Mariano Escobedo

Mariano Escobedo Biografía

Mariano Escobedo (Mariano Antonio Guadalupe Escobedo de la Peña). Nació en Enero de 1826 en Dos Arroyos, Galeana, Nuevo León. Destacado soldado mexicano.

Luchó contra la Intervención Estadounidense

Era de origen humilde, arriero. Escobedo estaba a cargo de una hilera de mulas que pertenecían a su padre cuando comenzó la guerra con los Estados Unidos; y cuando el general Zachary Taylor marchó contra México, cruzando el río Nueces, Escobedo convirtió a sus arrieros en partisanos y atacó a las fuerzas estadounidenses dondequiera que los encontrara en cuerpos pequeños.

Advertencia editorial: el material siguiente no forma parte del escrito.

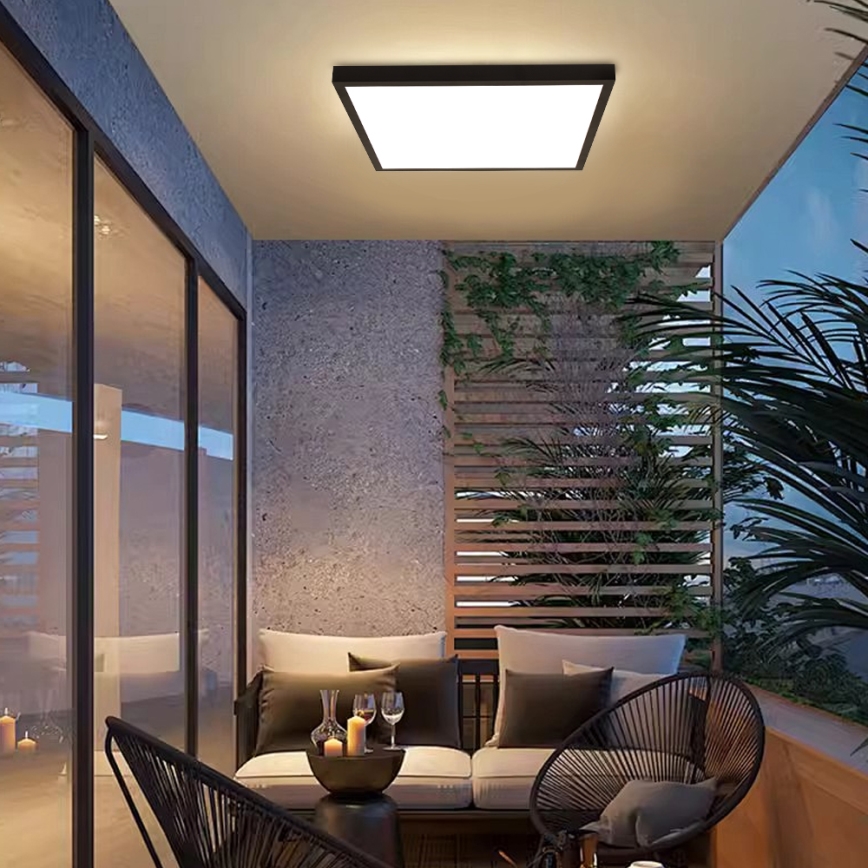 Brilagi - Luz de techo LED regulable para baño FRAME SMART LED/50W/230V 60x60 cm 3000-6000K IP44 negro + control remoto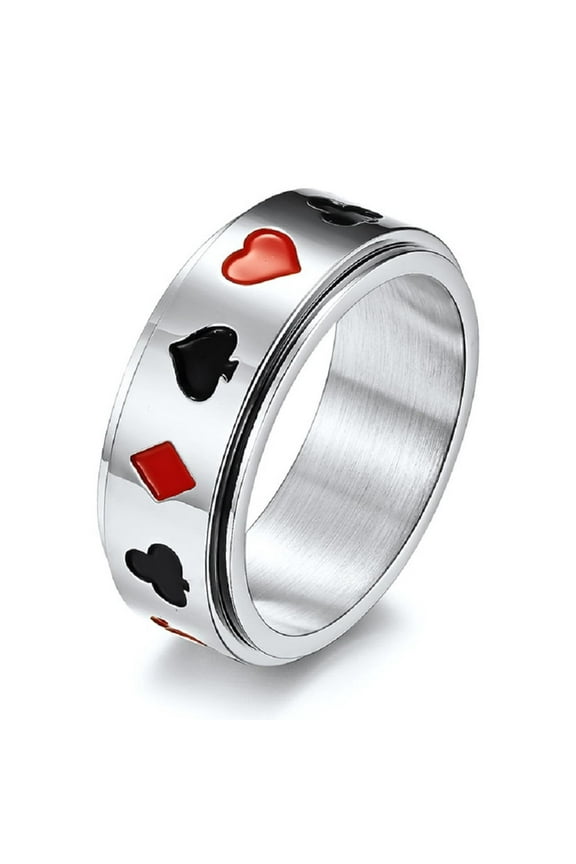 Poker Cards Band Ring, Lucky Spade Poker Spinner Ring for Men, Hip Hop Black Spade Ace Ring Silver Playing Cards Jewelry, Punk Ace of Spades Ring Vintage Playing Cards Ring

También participó en la lucha en el Cation de Santa Rosa, y en las batallas de Palo Alto y Resaca de Guerrero.

Plan de Ayutla

Después de la paz de Guadalupe Hidalgo, en 1848, Escobedo se retiró nuevamente a su vida anterior en el país; pero en 1854 cuando estalló la revolución del “Plan de Ayutla”, ofreció sus servicios al Partido Liberal.

Además fue nombrado capitán de una compañía y, junto con Gerónimo Treviño, Francisco Naranjo y Diodoro Corella, contribuyó, en 1855, a la derrota de Guitian en Saltillo, y de Parrodi en Morterillos.

La Guerra de los Tres Años

Su nombre se dio a conocer por primera vez durante la guerra de los tres años llamada la “guerra de la reforma”. cuando nuevamente luchó por el partido Liberal contra las fuerzas de Miguel Miramón.

Juárez lo nombró coronel en 1859, y contribuyó a la derrota de Miramón en Atentique, después de lo cual continuó en la campaña hasta la victoria de Calpulalpan, el 22 de diciembre de 1860.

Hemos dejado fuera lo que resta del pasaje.